┌──

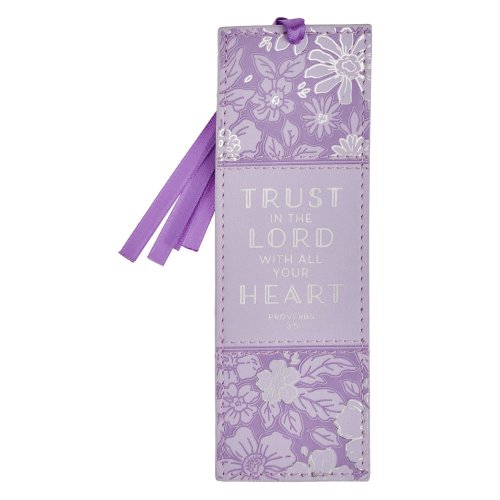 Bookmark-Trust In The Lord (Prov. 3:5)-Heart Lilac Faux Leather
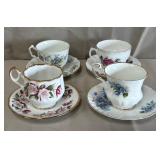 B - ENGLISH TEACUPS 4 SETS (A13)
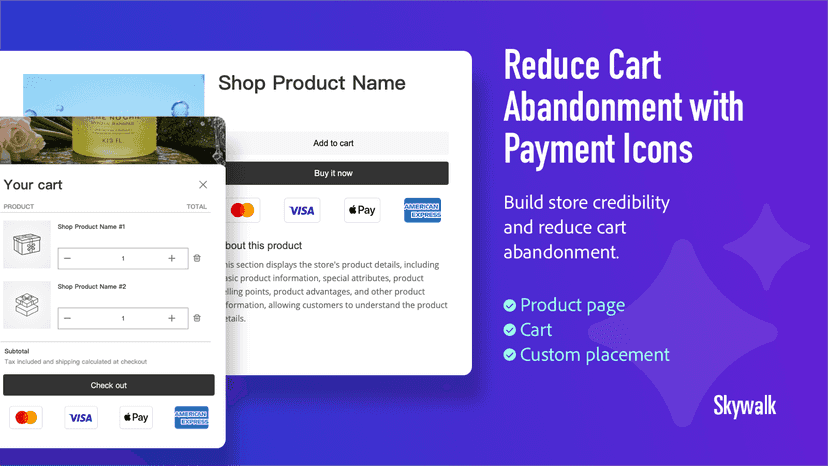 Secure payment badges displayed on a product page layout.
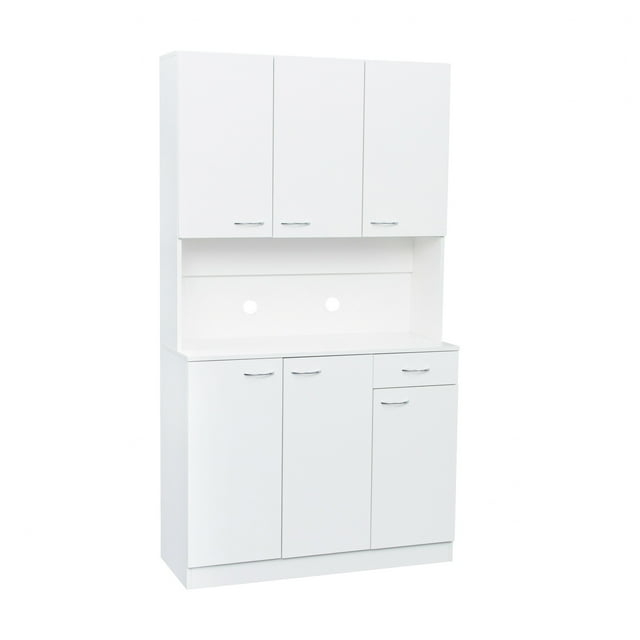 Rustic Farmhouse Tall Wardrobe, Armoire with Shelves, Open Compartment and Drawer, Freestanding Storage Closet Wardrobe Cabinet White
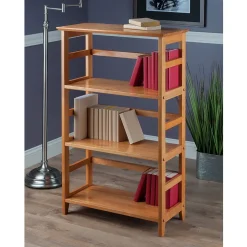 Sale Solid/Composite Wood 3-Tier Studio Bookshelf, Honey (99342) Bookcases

└──

Beginning at the first line of the listing, print each line exactly until and including the one that has "Rustic Farmhouse Tall"; skip pictures.

▶ _Written answer_:
 Bookmark-Trust In The Lord (Prov. 3:5)-Heart Lilac Faux Leather
 B - ENGLISH TEACUPS 4 SETS (A13)
 Secure payment badges displayed on a product page layout.
 Rustic Farmhouse Tall Wardrobe, Armoire with Shelves, Open Compartment and Drawer, Freestanding Storage Closet Wardrobe Cabinet White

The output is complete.